The problem is, writing in this sort of way sucks. I don't just mean that it's boring, although it absolutely is. I mean that it's soul-destroying, pointless busywork. Policies, procedures, contracts and the like aren't really designed to make the world a better place, or to fundamentally improve things. You can't protect fundamental human rights by reviewing a contract, any more than you can individually save the planet from ecological destruction by recycling a can.
That's because compliance almost never is substantive. It's not a thing – but as Zvi Mowshowitz noted on his excellent blog ‘Don’t Worry About the Vase’, it's an abstraction, a symbolic representation of the thing or process you're trying to achieve. If you haven’t read his piece, go read it now. I’ll wait.

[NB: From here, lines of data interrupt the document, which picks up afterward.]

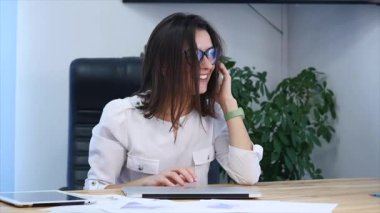 Güzel, başarılı bir kadın modern ofisindeki telefonda konuşuyor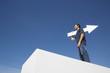 Man outdoors on wall with blank arrow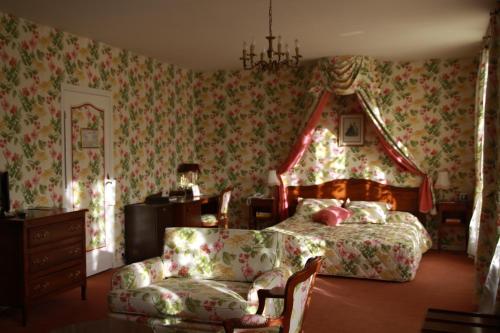 a bedroom with a bed and a chair and a couch at Château Des Bondons EI in La Ferté-sous-Jouarre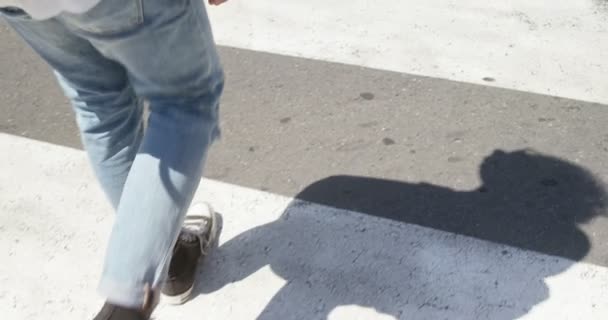 Young Man Walking Zebra Crossing Street — Stock Video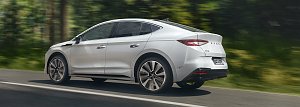 Produktbild: Skoda Enyaq Coup&eacute; in wei&szlig; f&auml;hrt schnell auf einer Stra&szlig;e im Wald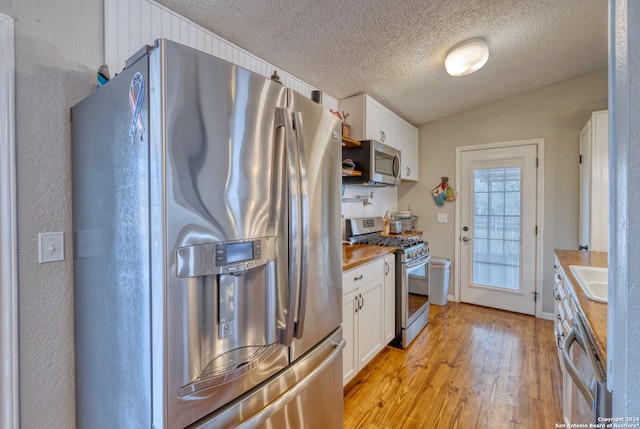 kitchen featuring stainless steel appliances, butcher block counters, light wood-type flooring, a textured ceiling, and white cabinets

I know this will probably upset a few of my colleagues in the field, but it's the truth. I mean, when was the last time you really read a privacy policy/notice? How meaningful to you is your company's information security policy or data use policy in your daily life? Have you even read it? When was the last time a data protection impact assessment led to a meaningful change? When was the last time you thought of the company's compliance team as anything more than a blocker?
On that note: Don't even get me started on all the contracts. Nobody other than lawyers, beleaguered DPOs, and people in the midst of litigation read the damn things. Literally no one.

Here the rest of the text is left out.